Guinness "swan song" soars

Summer 2000 CSANews Issue 35  |  Posted date : Mar 05, 2007.Back to list

With the recent death of Sir Alex Guinness the title of his autobiography becomes sadly prescient. He describes A Positively Final Appearance as his "perfectly genuine swan song" --- and it was! But he did leave us a wonderful legacy.

This book is a delightfully whimsical, sophisticated and elegant series of observations written from the summer of 1996 through 1998.

These were tumultuous years, but the election of Tony Blair: the death of Diana, Princess of Wales; and the Clinton scandals are all put in perspective by the ebb and flow of the seasons and the rhythm of life on a quiet English country estate.

The beauties of nature are particularly appreciated by Guinness at this time because he has been reinvigorated by a successful cataract operation. He rejoices that he can now see "quite sharply and in full colour" and delights in the great horse chestnut tree, which has become "a flowering candelabra." He marvels at the sight of the Hale-Bopp comet ­ a once-in-4,000-years phenomenon.

This sense of wonder and discovery is the very essence of the entire journal.

Not that everything is all joy and light. About certain matters Guinness can be a positively cranky curmudgeon. I found it ironic to read that Vanity Fair thought to honour Guinness by commenting that "at, 83, The Force is still with him," when he makes it clear that he "shrivels inside each time Star Wars is mentioned." Star Wars fan mail is flipped into the waste-basket unread: "Like other unsolicited, unwanted, trashy mail, it can take its chance in some remote and receding galaxy."

Other bones of contention are arrogant critics who "slumber in their privileged seats" and "unreliable proofreaders."

Once, when he was complaining volubly about all the "outward and visible signs of the current malaise," his wife, Merula, put an end to the rant by announcing tartly: "Everything unacceptable in western culture stems from the aggressiveness of Donald Duck, who has been squawking around for over 60 years!"

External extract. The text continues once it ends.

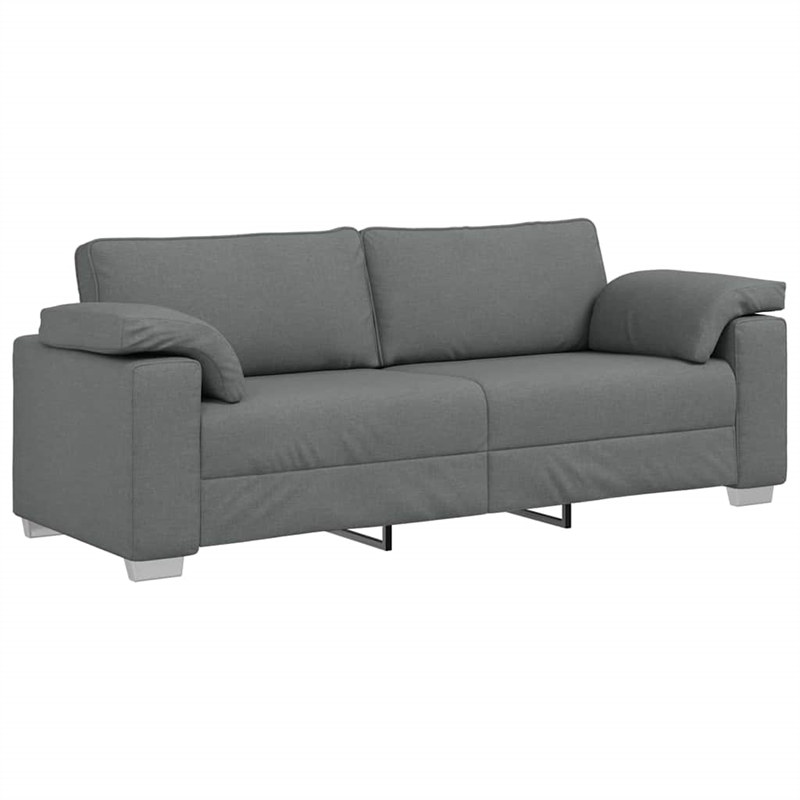Bowery Hill Contemporary Sofa with Cushion in Dark Gray Finish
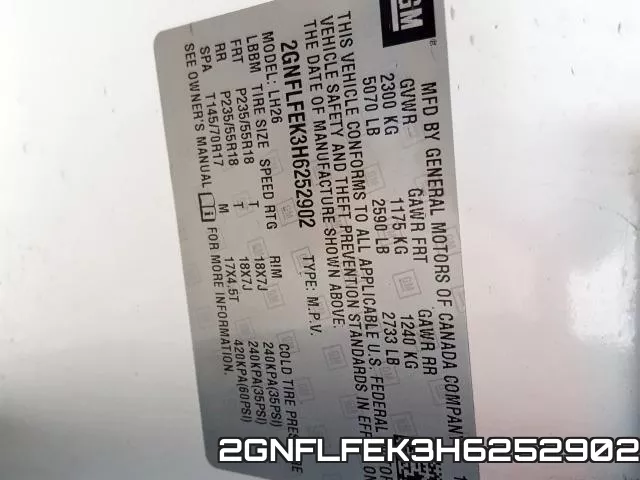 2GNFLFEK3H6252902 фото 2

There was a unique relationship between Guinness and his artist wife. They experimented with Chinese cooking and enjoyed their dogs, birds and gardens, all the while allowing each other space. The tenderness with which Guinness searched for the perfect gift for their 60th anniversary was quite moving. He decided that the flashy Fabergé ankle bracelet wouldn't exactly be appropriate with her wellington boots or "scruffed, woolly tartan slippers." Instead he finally settled on a 19th-century French drawing and six pots of gardenias. The gardenias were in memory of the single bloom he used to buy Merula in Piccadilly Circus every Friday night when they were engaged and working in the theatre.

Guinness's journal is not only evocative and intelligent but often downright funny. He claims to have been the "worst Romeo ever to disgrace our boards." On opening night in 1939, he leapt the garden wall and knocked off the balcony, almost causing his Juliet to "tumble to her eternal rest." To add insult to injury, on closing night, during the poison scene, Guinness managed to transfer his ginger moustache to Juliet's lips: "She was not amused."

His chapter called "The Clatter of Dropped Names" is a hilarious collection of royal and VIP encounters. Guinness's description of dining with the Duchess of Windsor after "she had wined well" is memorable.

Guinness says he has never regretted his decision to retire from performing in 1989: "I am no longer tempted to risk making an ass of myself in public."

In his Positively Final Appearance, Guinness leaves us with his philosophy that "nothing is desperately important, and the joy of life is just looking at it."

For his readers, the joy is also in reading about it.